Den 2019-04-24 kl. 16:56, skrev Peter Kokot:
Hello,
On Wed, 24 Apr 2019 at 13:29, G. P. B. <george.bany...@gmail.com> wrote:
Hello Internal,
The two weeks of voting have now ended.
The results are 38 for and 18 against (total 56) for the primary vote to
deprecate PHP's short open tag in PHP 7.4.
This passes in favor with 68%.
The results are 42 for and 15 against (total 57) for the secondary vote to
remove PHP's short open tag in PHP 8.
This passes in favor with 74%.
Thanks for everyone who voted on this issue.
Best regards
George P. Banyard
Great! It was about time this got removed. And it is a perfect timing
also - PHP 8.0 when BC breaking changes can be done. Thank you so much
for moving this forward. People who are thinking of supporting some
legacy applications on the upcoming PHP 8 will be unfortunately a bit
surprised with all the removed features and will have other bigger
issues adjusting their code compared to a really simple replace of <?

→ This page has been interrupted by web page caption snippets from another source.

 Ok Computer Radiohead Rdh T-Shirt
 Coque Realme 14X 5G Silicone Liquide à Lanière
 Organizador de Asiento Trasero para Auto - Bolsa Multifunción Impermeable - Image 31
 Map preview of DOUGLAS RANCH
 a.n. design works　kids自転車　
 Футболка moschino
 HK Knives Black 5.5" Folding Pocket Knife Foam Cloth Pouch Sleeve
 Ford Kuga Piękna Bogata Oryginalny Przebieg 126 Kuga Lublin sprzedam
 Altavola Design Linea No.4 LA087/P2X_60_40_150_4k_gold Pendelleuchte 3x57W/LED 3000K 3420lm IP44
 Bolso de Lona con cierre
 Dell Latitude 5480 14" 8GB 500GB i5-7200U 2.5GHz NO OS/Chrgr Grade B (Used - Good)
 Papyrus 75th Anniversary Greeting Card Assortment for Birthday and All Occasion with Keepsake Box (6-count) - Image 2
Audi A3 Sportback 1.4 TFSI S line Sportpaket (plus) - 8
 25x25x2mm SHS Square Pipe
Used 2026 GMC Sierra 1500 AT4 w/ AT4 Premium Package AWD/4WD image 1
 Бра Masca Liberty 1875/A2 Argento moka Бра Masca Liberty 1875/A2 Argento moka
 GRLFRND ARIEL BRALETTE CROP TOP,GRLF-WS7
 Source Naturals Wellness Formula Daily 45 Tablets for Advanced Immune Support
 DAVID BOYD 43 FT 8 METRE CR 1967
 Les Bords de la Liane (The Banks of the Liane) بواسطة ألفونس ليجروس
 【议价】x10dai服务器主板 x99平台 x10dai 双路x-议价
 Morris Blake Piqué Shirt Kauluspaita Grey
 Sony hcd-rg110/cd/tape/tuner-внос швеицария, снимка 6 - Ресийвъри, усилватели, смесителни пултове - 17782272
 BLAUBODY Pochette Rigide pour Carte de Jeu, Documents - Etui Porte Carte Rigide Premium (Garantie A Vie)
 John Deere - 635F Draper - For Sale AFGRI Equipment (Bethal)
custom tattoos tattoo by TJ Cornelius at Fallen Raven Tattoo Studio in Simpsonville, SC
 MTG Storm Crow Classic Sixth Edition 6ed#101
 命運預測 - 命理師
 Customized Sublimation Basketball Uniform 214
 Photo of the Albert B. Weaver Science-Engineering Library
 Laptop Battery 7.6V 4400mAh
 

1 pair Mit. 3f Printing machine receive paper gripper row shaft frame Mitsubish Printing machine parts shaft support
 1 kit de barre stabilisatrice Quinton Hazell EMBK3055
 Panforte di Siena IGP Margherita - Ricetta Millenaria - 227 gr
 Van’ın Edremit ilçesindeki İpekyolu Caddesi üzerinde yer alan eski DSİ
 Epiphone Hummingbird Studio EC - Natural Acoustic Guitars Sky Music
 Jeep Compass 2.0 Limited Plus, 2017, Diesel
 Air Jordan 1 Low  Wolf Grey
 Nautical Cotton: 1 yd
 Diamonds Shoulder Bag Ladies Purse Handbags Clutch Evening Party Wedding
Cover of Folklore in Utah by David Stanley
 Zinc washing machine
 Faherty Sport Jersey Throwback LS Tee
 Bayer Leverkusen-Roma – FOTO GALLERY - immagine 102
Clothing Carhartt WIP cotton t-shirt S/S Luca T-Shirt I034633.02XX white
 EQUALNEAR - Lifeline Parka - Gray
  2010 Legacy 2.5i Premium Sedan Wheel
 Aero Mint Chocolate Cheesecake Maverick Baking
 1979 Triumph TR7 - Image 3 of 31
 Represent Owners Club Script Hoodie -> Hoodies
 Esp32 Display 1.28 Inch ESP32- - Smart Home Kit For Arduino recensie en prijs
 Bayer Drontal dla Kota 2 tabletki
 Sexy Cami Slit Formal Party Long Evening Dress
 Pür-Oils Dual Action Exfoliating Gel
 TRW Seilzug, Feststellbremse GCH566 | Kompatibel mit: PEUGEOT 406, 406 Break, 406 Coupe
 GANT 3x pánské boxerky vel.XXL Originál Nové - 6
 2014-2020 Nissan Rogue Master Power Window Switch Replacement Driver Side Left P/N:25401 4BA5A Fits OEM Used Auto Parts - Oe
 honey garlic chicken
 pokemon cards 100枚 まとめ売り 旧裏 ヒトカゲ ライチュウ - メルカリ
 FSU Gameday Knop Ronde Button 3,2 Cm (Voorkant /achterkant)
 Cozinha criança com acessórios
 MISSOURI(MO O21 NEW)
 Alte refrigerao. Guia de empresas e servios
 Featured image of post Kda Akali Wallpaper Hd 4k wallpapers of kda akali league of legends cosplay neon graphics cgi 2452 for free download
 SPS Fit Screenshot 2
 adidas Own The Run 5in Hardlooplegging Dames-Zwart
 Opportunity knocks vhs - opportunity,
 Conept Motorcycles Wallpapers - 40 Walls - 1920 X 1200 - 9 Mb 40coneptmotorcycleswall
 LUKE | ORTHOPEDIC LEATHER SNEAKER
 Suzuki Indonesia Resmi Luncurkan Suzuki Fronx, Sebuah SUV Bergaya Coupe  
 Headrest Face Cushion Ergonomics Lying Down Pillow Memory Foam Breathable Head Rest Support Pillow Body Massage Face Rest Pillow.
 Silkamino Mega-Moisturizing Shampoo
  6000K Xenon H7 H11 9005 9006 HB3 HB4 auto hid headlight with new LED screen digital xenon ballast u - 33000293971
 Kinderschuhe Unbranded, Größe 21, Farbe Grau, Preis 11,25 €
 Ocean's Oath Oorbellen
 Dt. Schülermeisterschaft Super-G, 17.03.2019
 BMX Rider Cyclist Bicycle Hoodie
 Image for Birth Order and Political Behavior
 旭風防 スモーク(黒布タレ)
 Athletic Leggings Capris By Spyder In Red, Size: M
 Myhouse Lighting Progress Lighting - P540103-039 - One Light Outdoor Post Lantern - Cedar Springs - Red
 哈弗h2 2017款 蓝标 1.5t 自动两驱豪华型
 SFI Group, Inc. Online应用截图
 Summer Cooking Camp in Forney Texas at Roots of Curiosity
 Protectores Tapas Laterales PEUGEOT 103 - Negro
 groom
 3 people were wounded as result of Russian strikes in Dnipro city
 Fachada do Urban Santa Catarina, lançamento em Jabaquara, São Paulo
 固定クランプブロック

with <?php. It's what the software development and progress is also
about.
I think this is a good move.
--
Peter Kokot
Hi,
I agree on this to some degree when it comes to your own code that you
control. But,
imagine a relatively big open source library that is maintained with
small resources.
One example I have myself is using a relatively large & well established
open source
library where I'm using the latest version released before Christmas. I
run the site on
PHP 7.3, but I still get warnings regarding the RFC Counting of
non-countable objects
for PHP 7.2 related to this library.
With that experience in mind I wonder how different libraries will fare,
given this
change? One should also have in mind that there has been a discussion on
this
list about extending the support cycle for PHP 7.4 like for 5.6, but to
some degree
it was rejected which doesn't help migration efforts.